Omit all images, then repeat exactly the lines below from the one containing "Virgin and Child framed" through the one containing "thumbnail image 4", both ends included.

---------------

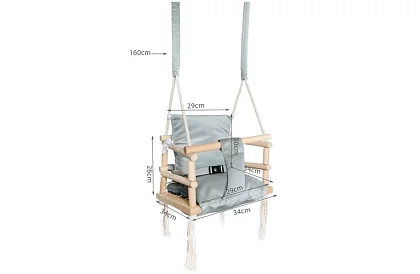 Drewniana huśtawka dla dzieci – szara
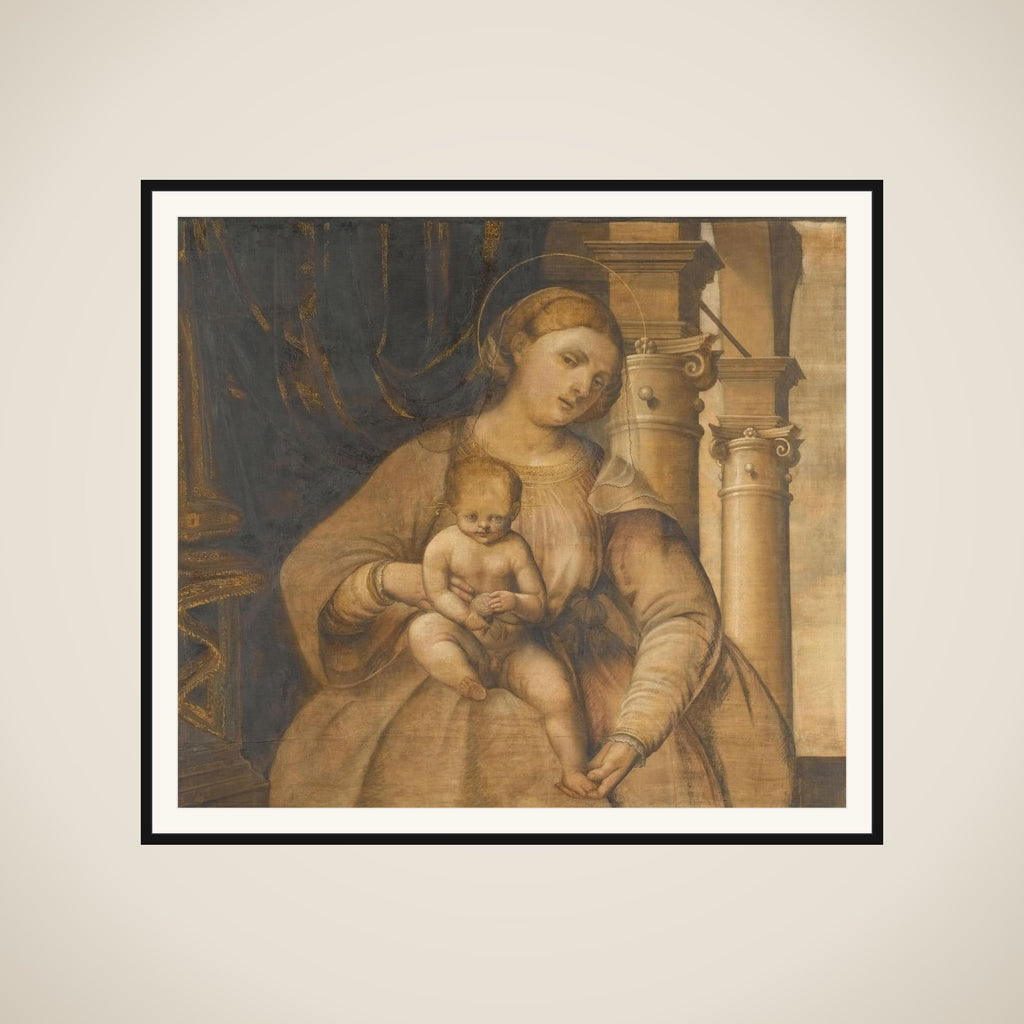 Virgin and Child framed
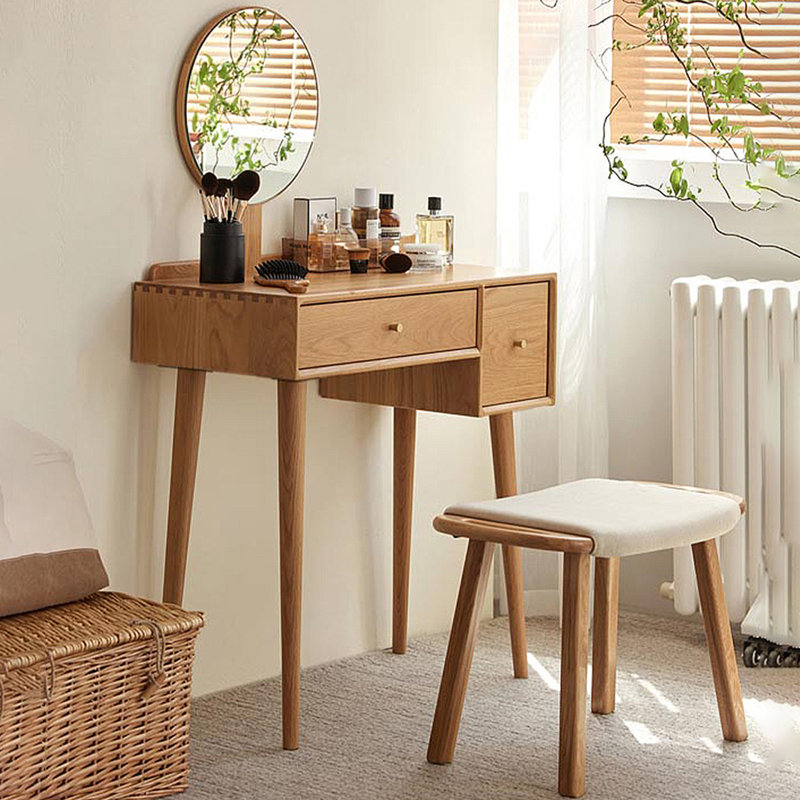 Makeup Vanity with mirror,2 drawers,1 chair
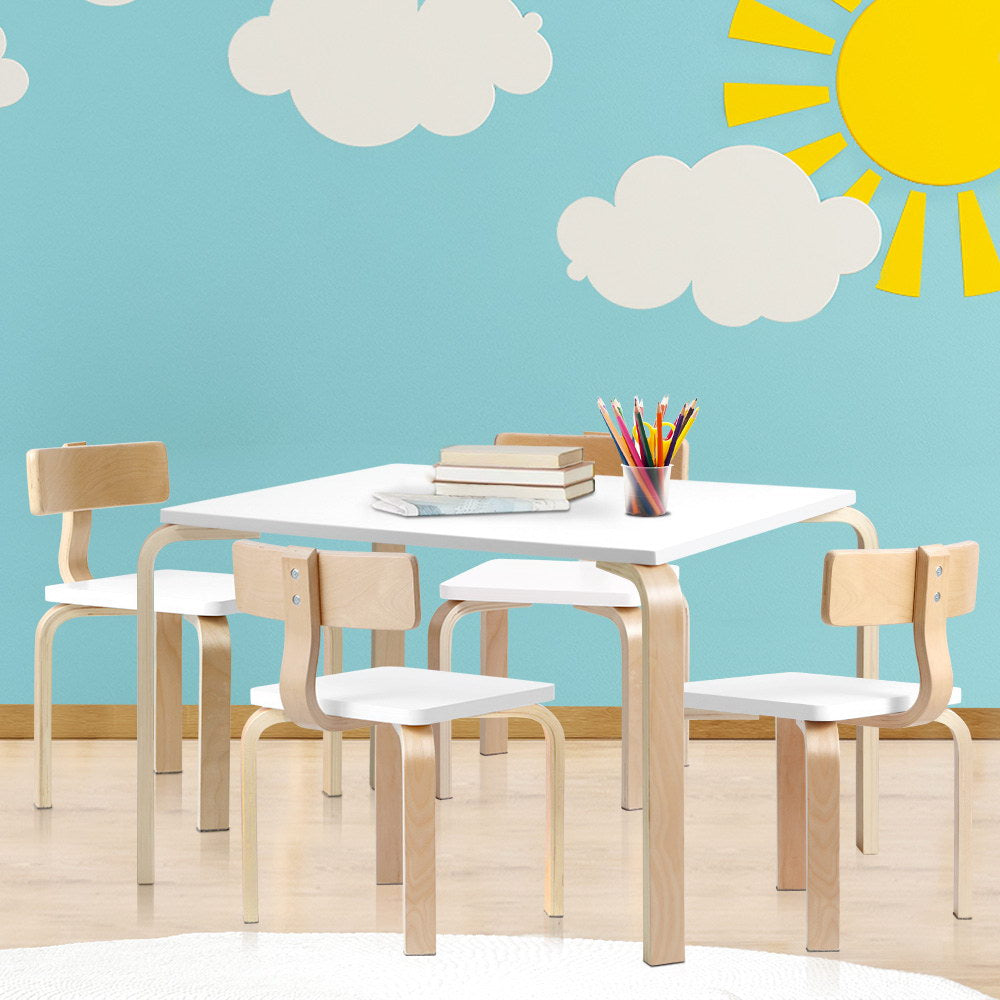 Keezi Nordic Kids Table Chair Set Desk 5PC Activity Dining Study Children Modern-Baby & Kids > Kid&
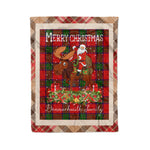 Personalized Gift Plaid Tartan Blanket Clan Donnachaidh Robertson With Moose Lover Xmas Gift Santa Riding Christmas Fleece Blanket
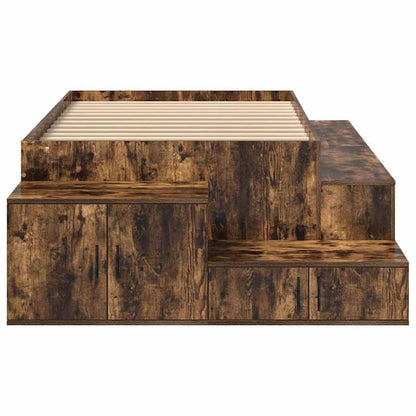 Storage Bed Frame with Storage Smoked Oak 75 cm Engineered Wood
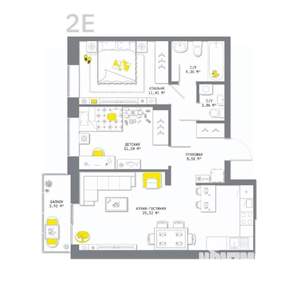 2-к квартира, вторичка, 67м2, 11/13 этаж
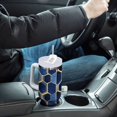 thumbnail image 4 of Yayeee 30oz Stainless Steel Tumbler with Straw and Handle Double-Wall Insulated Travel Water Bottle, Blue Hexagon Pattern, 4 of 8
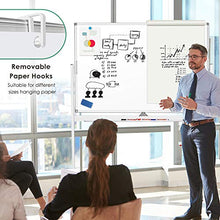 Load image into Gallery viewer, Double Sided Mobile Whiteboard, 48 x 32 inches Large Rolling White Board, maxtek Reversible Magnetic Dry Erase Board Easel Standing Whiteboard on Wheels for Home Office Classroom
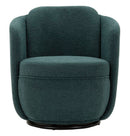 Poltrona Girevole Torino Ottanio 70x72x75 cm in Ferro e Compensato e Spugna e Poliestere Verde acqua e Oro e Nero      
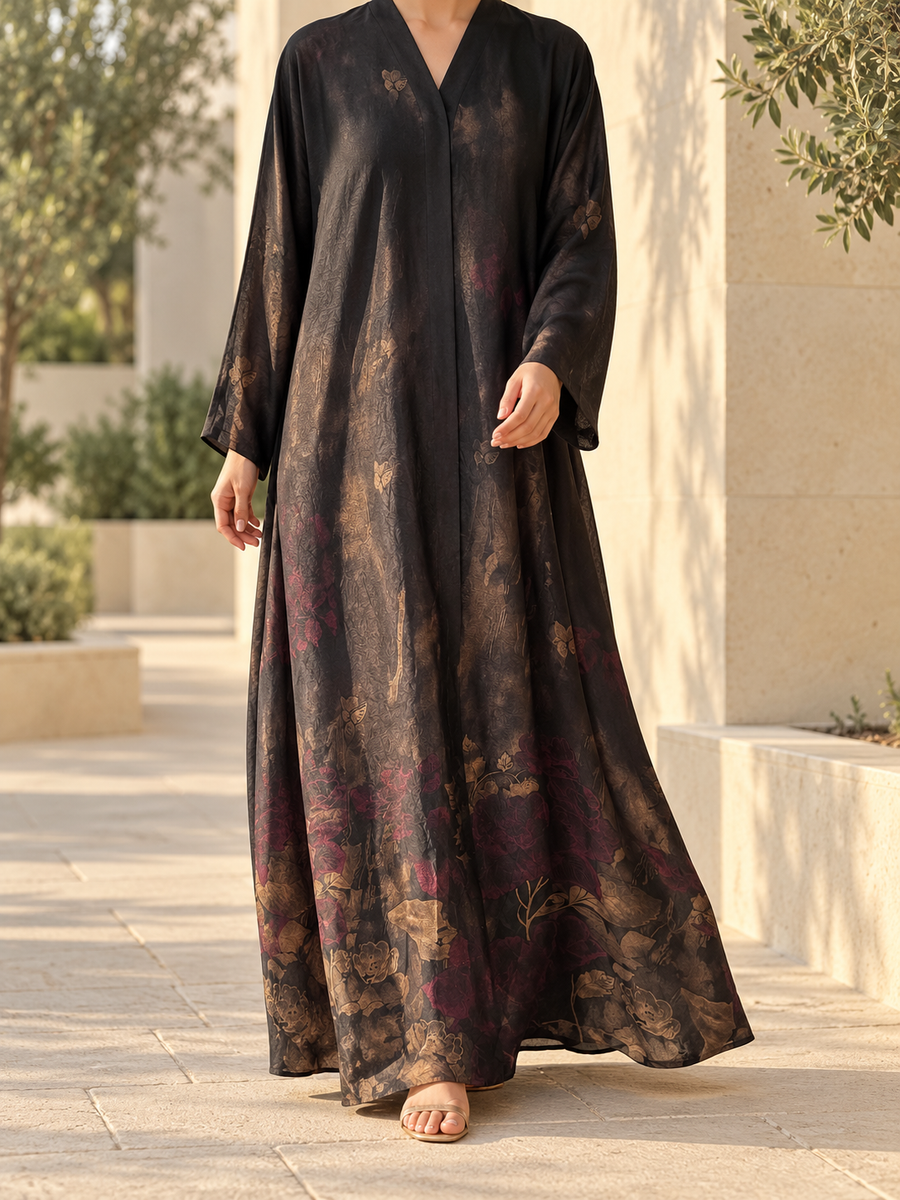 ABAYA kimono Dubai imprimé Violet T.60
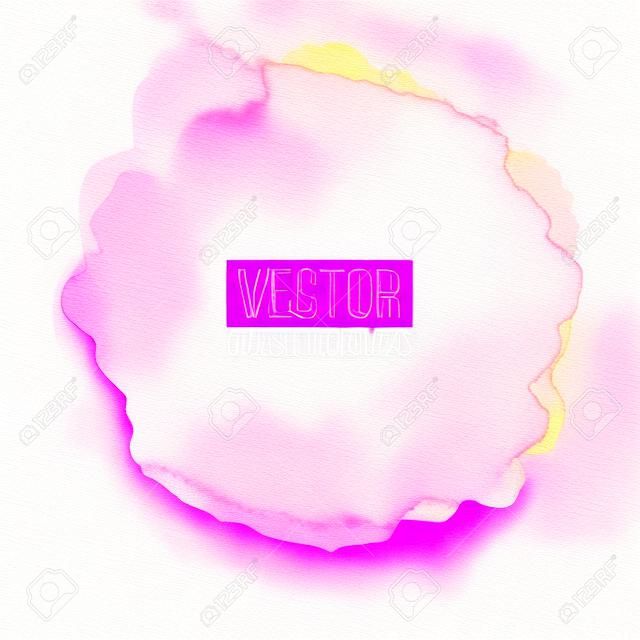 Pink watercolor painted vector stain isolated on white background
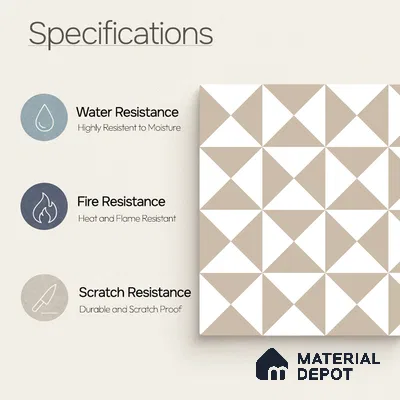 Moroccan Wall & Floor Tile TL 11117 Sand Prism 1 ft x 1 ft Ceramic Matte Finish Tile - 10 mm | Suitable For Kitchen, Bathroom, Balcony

---------------

▶ [Output for this task]:
 Virgin and Child framed
 Makeup Vanity with mirror,2 drawers,1 chair
 Keezi Nordic Kids Table Chair Set Desk 5PC Activity Dining Study Children Modern-Baby & Kids > Kid&
 Personalized Gift Plaid Tartan Blanket Clan Donnachaidh Robertson With Moose Lover Xmas Gift Santa Riding Christmas Fleece Blanket
 Storage Bed Frame with Storage Smoked Oak 75 cm Engineered Wood
 2-к квартира, вторичка, 67м2, 11/13 этаж
 thumbnail image 4 of Yayeee 30oz Stainless Steel Tumbler with Straw and Handle Double-Wall Insulated Travel Water Bottle, Blue Hexagon Pattern, 4 of 8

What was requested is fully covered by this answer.